The first phase of the Peak to Prosperity Passage runs 6.5 miles from the Broad River at Alston to the town of Pomaria. Part of the old Norfolk Southern Railroad line, the trail features a bed of railroad ballast along much of the route, making for a bit of a bumpy ride.
We met at the Alston trailhead, a well-kept park in Fairfield County that includes picnic tables, canoe access and a primitive campsite. We had hardly left the parking lot when we came to an 1,100-foot long railroad trestle decked by the Palmetto Conservation Foundation to allow passage over the Broad River. The view is gorgeous in this undeveloped stretch of riverfront, so be sure to stop and enjoy the scenery.
Less than a quarter mile down the trail is the bridge over River Street. The last of 14 trestles on this section of the passage to be decked, we were pleasantly surprised to find it had just been completed. Up until recently, bikers and hikers had to take a detour that put them on the road for a short distance before reconnecting to the trail.
It was a pleasant and easy ride along the flat trail as we rode through the thick piedmont forest, crossing over Crims Creek several times before reaching Pomaria and the popular Wilson’s Grocery. I’m told the service station/food mart features the best hamburgers on the Palmetto Trail. It was too early for lunch, but cold drinks and a banana hit the spot.
There are two primitive camp sites on the passage, one at the Alston trailhead and a second at mile 5.3.
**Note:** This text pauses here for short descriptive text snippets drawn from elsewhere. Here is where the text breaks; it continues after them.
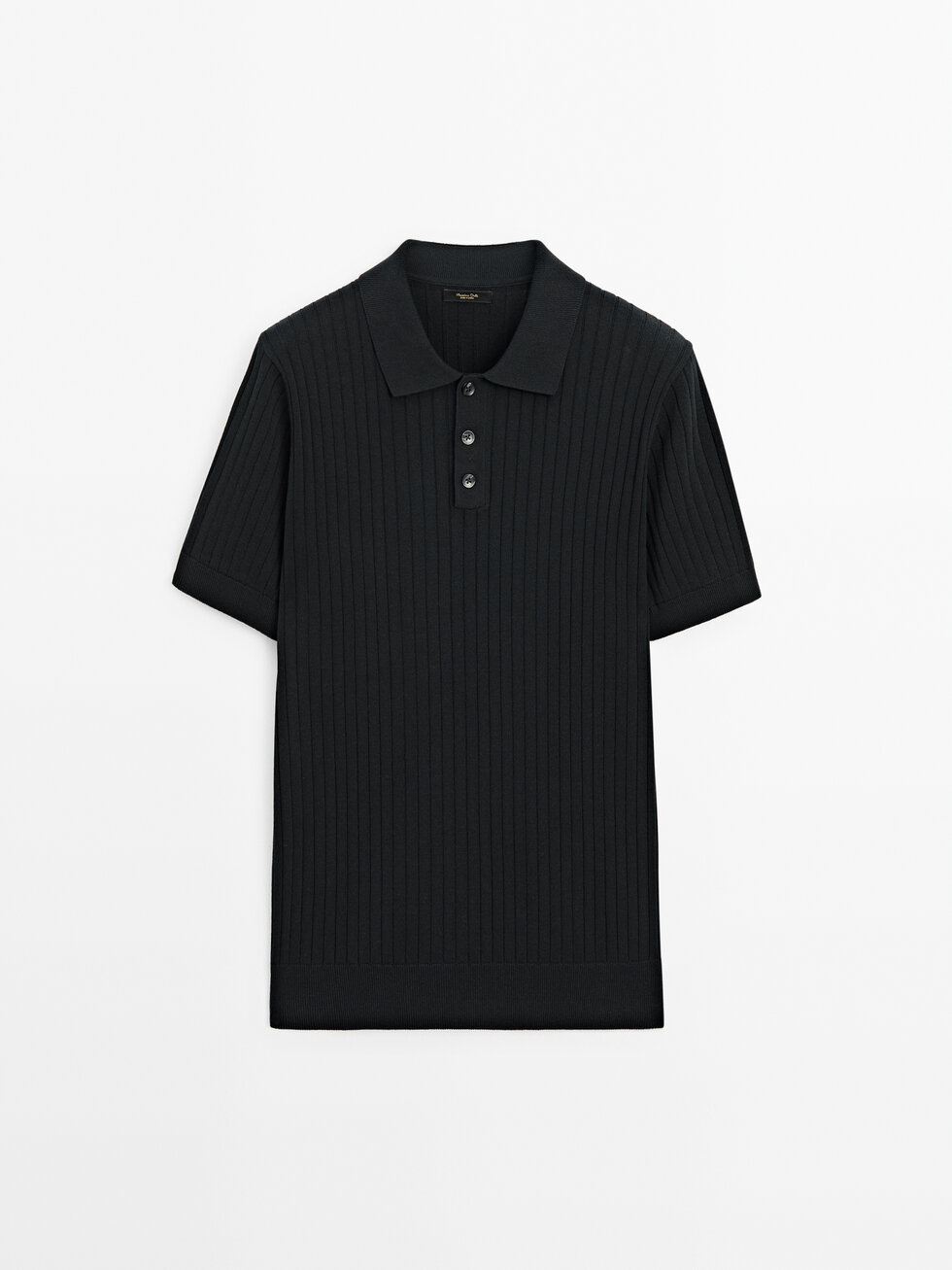 Pull polo en maille côtelée à manches courtes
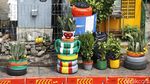 Pedestrian di Kampung Melayu Dihiasi Pot dari Ban Bekas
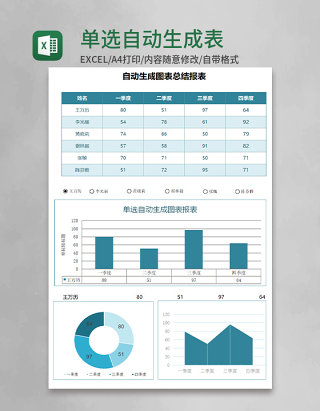 蓝色单选自动生成表总结报表excel模板表格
To date 290 miles of the Palmetto Trail have been open to the public. Built as a series of passages showcasing the unique history, culture and geography of the Palmetto State, the trail will eventually run from Oconee State Parkin the Upstate to Charleston on the coast, forming a spine for a network of trails and bikeways in South Carolina. Camp sites will be available along the entire route to allow for multi-day trips.